Una vera e propria avventura, che passa inosservata agli abitanti di un piccolo paese vicino, ma non al vecchio pastore dell’altopiano del Pollino, la cui vita solitaria comincia a intrecciarsi con il viaggio del gruppo. Film dalla lavorazione lunga e complessa, «Il buco» è una pellicola che porta gli spettatori a vivere una vera e propria esperienza audiovisiva, facendoli immedesimare con gli esploratori che per la prima volta scoprono l’abisso del Bifurto, a circa 700 metri di profondità.
Fotografia di grande fascino
L’elemento più significativo dell’intera operazione è la splendida fotografia che gioca magnificamente con le luci e le ombre delle grotte, risultando suggestiva e credibile allo stesso tempo. In questa pellicola, di fatto priva di parole umane, ciò che conta sono i rumori e i suoni della natura, che Frammartino inquadra con grande delicatezza e trasporto emotivo. Come nel suo film precedente «Le quattro volte» del 2010 (che resta il suo lavoro migliore), fondamentale è proprio il rapporto tra gli esseri umani e l’ambiente che li circonda, come dimostra anche la notevole conclusione.

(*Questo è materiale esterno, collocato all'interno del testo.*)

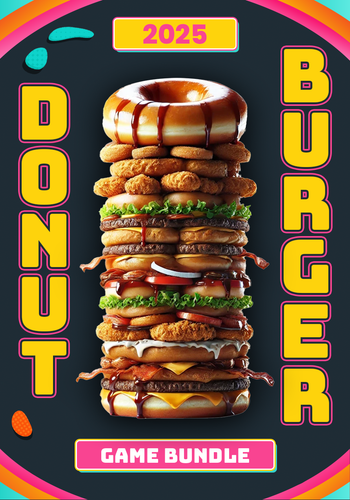 Donut Burger Game Bundle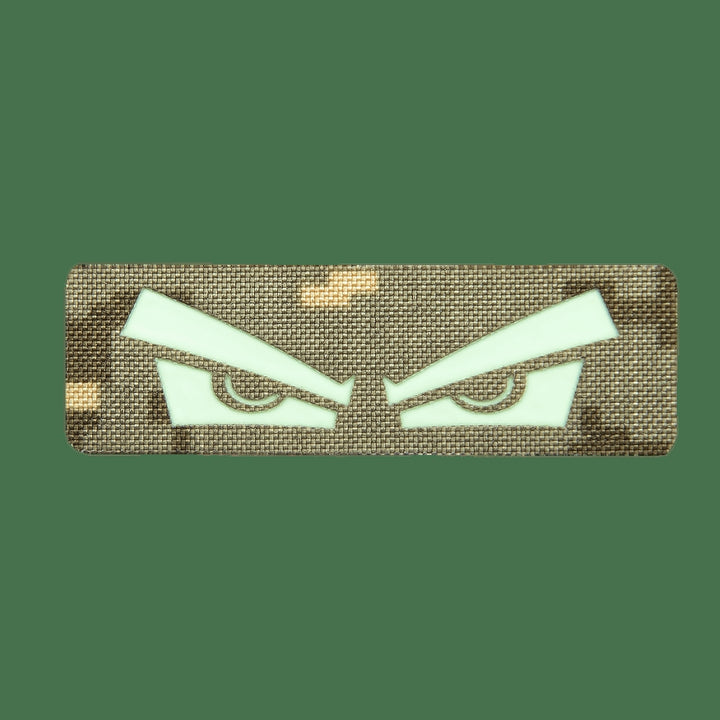 Camotec Samurai Eyes Patch 2.5"x8" Pixel/Lumin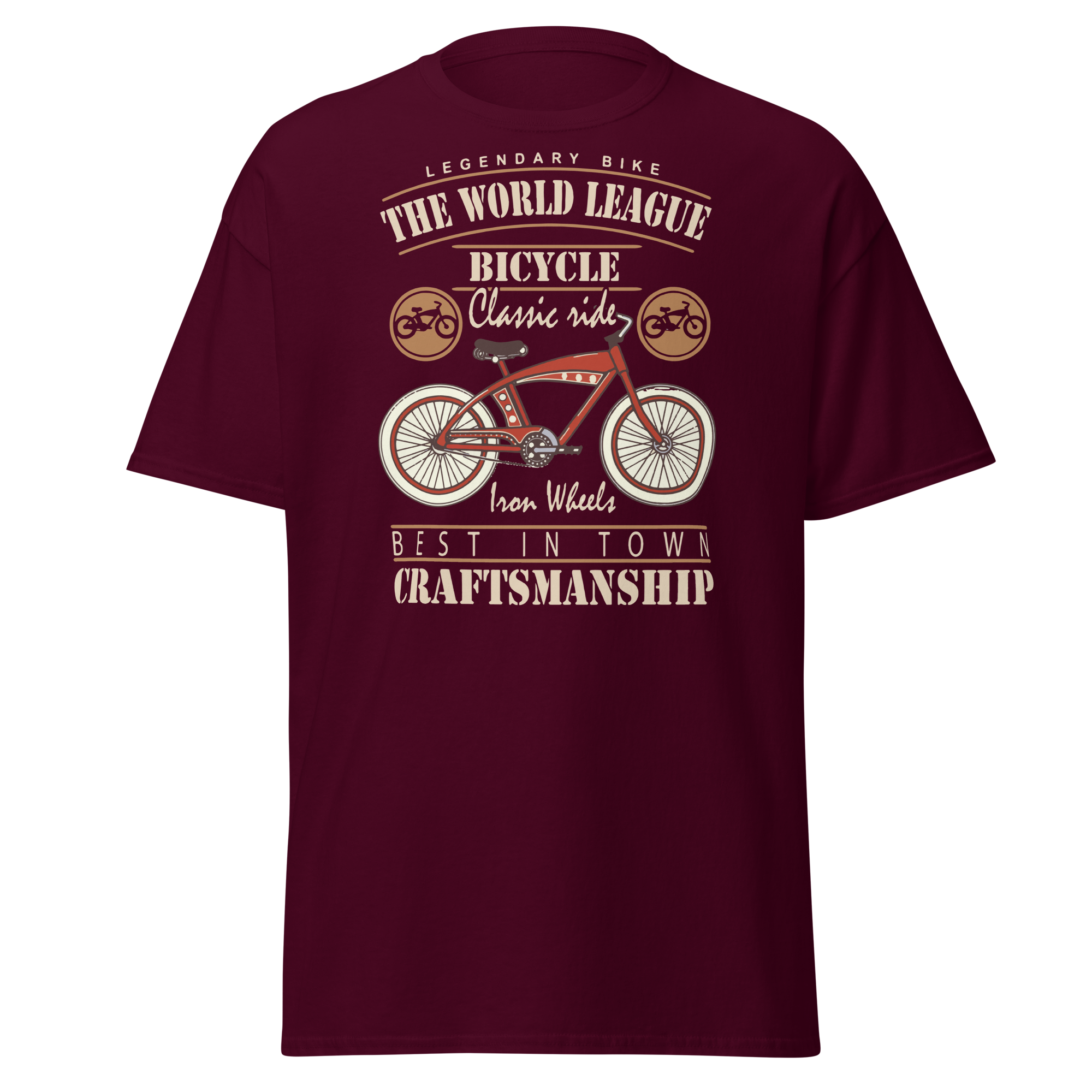DAS WORLD LEAGUE BICYCLE Unisex T-Shirt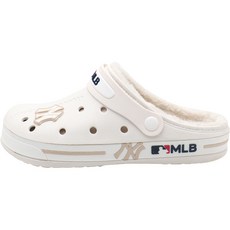MLB 남녀공용 캠핑 뉴욕양키스 코나 방한 슬리퍼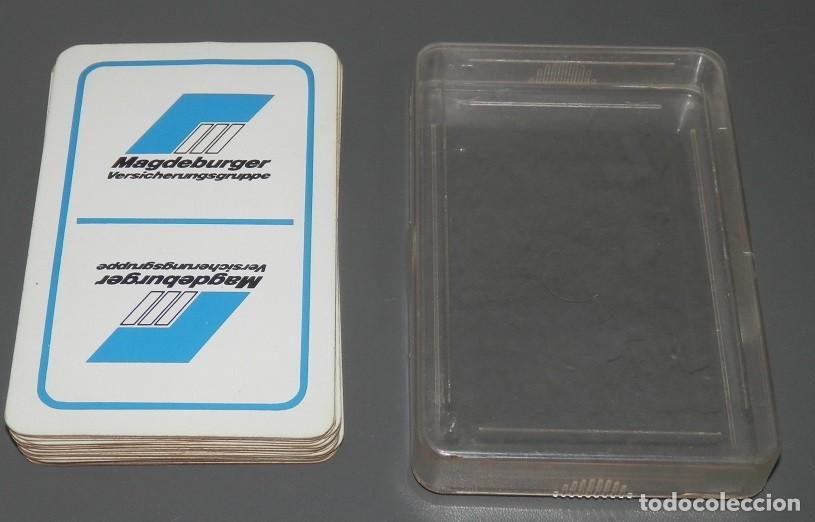 Barajas de cartas: DOS BARAJAS DE CARTAS-MAGDEBURGER - Foto 2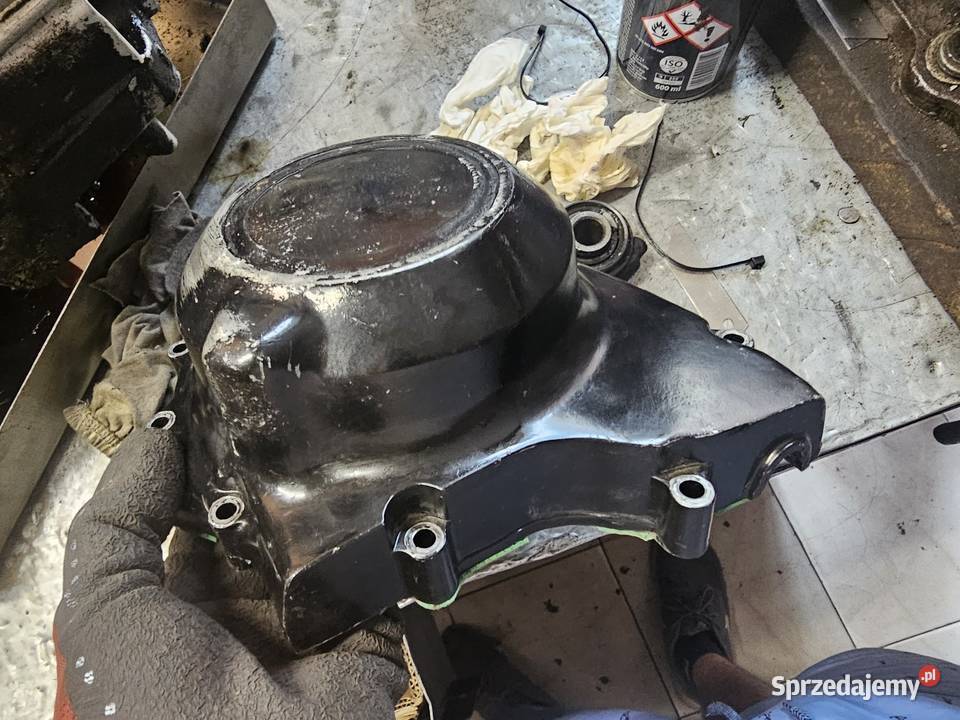 Suzuki GS 500 pokrywa kapa dekiel lewy lewa Jelenia Góra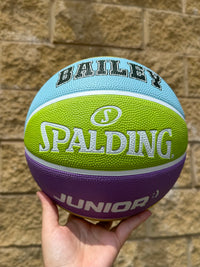 Load image into Gallery viewer, Personalised Junior Spalding Basketball (Size 5)
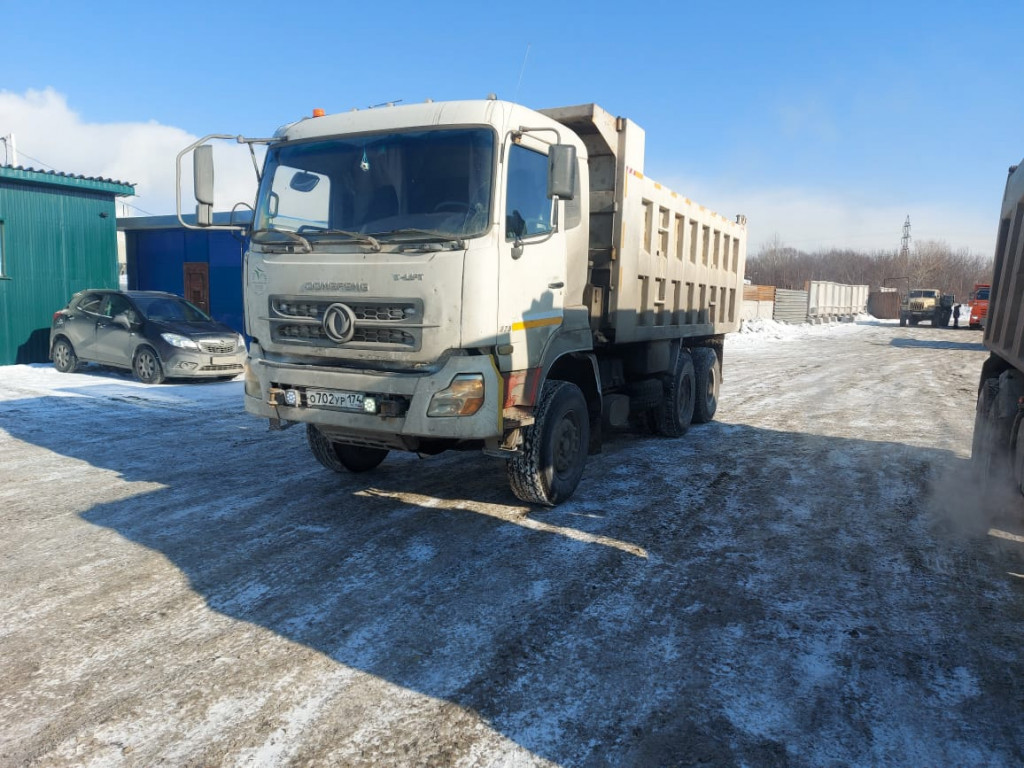 Аренда самосвала с грузоподъёмностью 20 тонн — Челябинск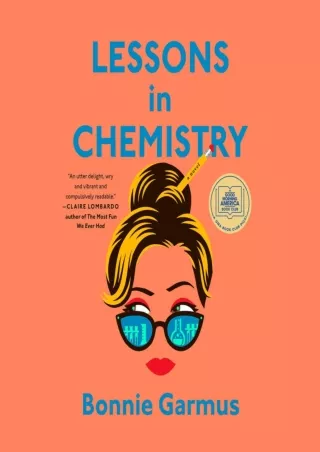 get⚡[PDF]❤ Lessons in Chemistry: A Novel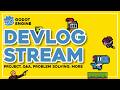 NONGKRONG ! AYO BIKIN GAME! MROJEK DEADLINE, Q&amp;A, NGEGAME #gamedev #godot #programming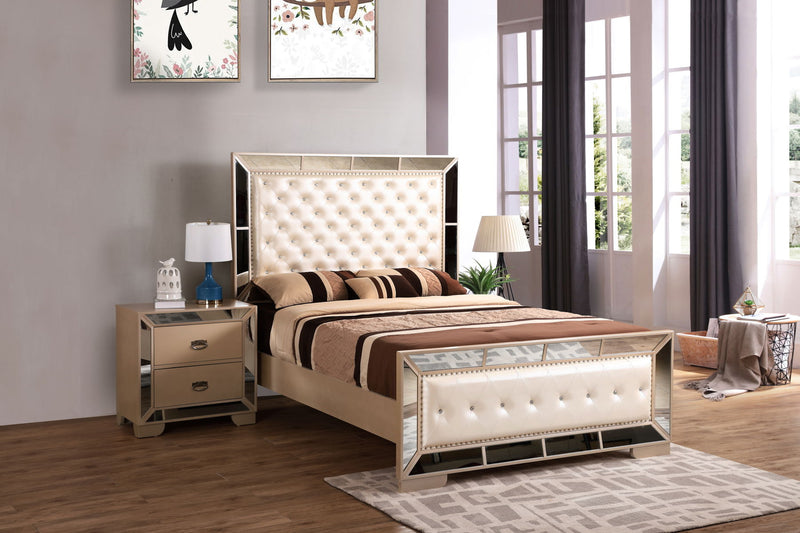 Stylish Contemporary Bed With Minimalist Design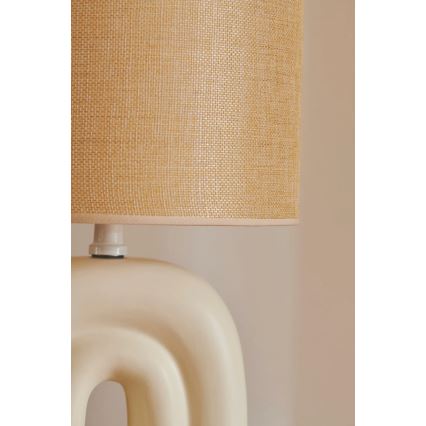 Nordlux - Stona lampa HAZE 1xE27/40W/230V bež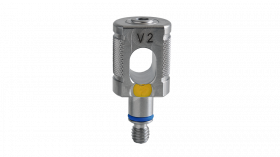 Wielander Schill  700277 V2 | Закрывающая матрица для цельных самопроникающих заклепок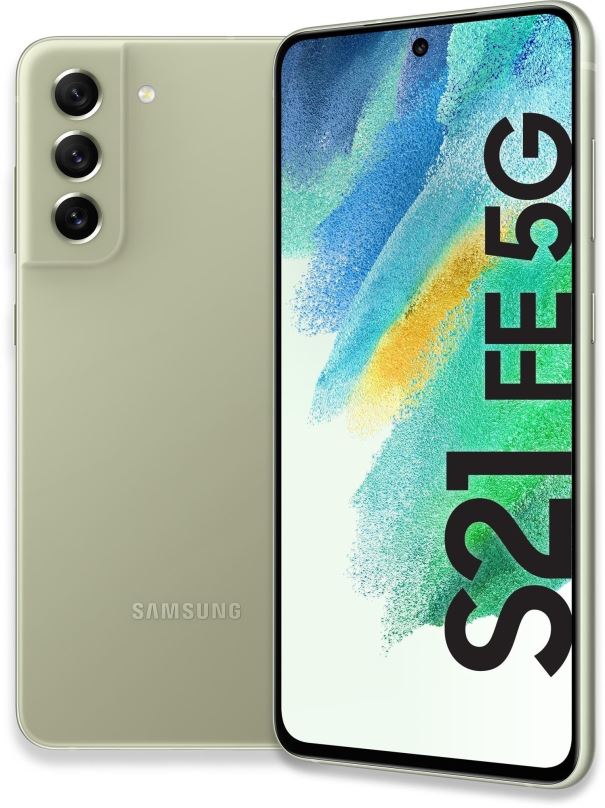 Mobilní telefon Samsung Galaxy S21 FE 5G 256GB zelená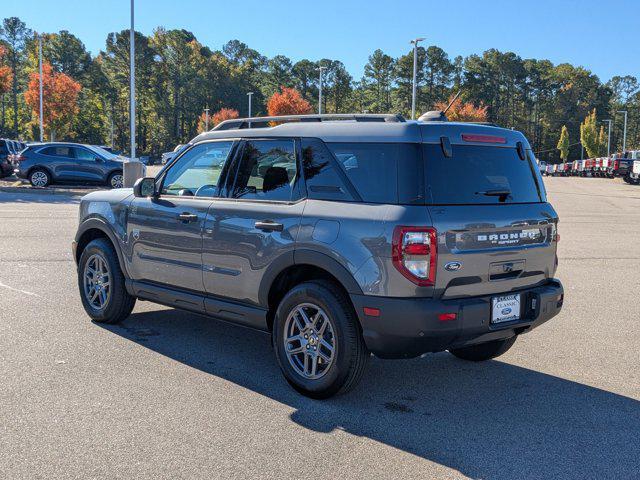 new 2025 Ford Bronco Sport car, priced at $33,585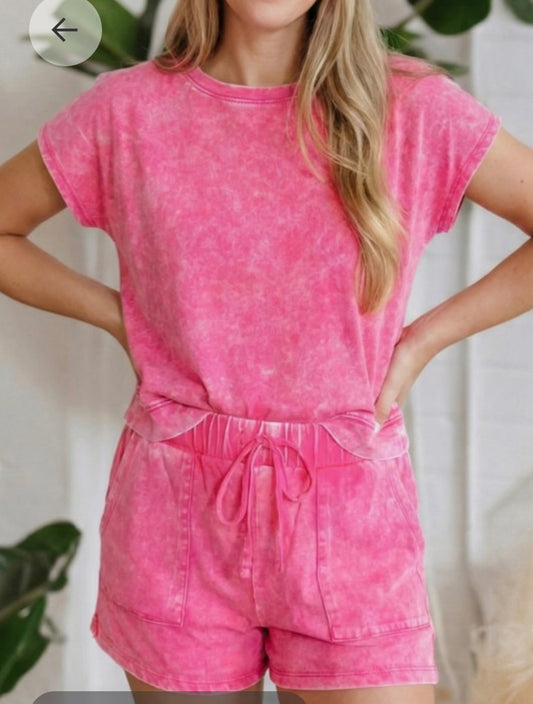 Pink rose set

Mentre le riflessioni sull’alto e il basso (la costruzione dei grattacieli paragonata all’esplorazione delle grotte in profondità) risultano piuttosto didascaliche e un po’ scolastiche, di tutt’altra forza è il collegamento tra i giovani speleologi e il pastore che li osserva, taciturno, scrutando ciò che sta succedendo in quello spazio quasi incontaminato. Non è un film per tutti e non sarà semplice trovare posto nel palmarès finale, ma per chi è alla ricerca di un cinema naturalista e distante dai ritmi dinamici della contemporaneità «Il buco» può risultare una delle visioni più intense della stagione.
Il collezionista di carte
Mentre la Mostra di Venezia si avvia verso la fine della prima settimana, per iniziare a fare un bilancio, tra i film più interessanti del concorso si segnala «Il collezionista di carte» di Paul Schrader, pellicola che da questo weekend è anche nelle nostre sale. Protagonista è Oscar Isaac nei panni di un ex militare che ora vive nell’ombra e fa il giocatore d’azzardo. La vita dell’uomo, abituato a non prendersi troppi rischi, cambierà improvvisamente dopo l’incontro con un ragazzo intenzionato a vendicarsi di un nemico comune.
Quattro anni dopo il potentissimo «First Reformed», Schrader torna dietro la macchina da presa per una pellicola pienamente coerente con la sua filmografia, soprattutto per quanto riguarda il tema dell’etica che spesso va a collegarsi con le azioni di un uomo solitario, chiamato a farsi giustizia da sé. Scritto con grande cura e ricco di sequenze eleganti, in cui la colonna sonora dialoga benissimo con le immagini, «Il collezionista di carte» mette molta carne al fuoco (dalla redenzione al perdono, passando per il gioco come possibilità di trovare una nuova strada per vivere) ma Schrader la gestisce con attenzione e, nonostante qualche lieve calo durante il percorso, arriva a una conclusione toccante e a un risultato complessivo del tutto soddisfacente.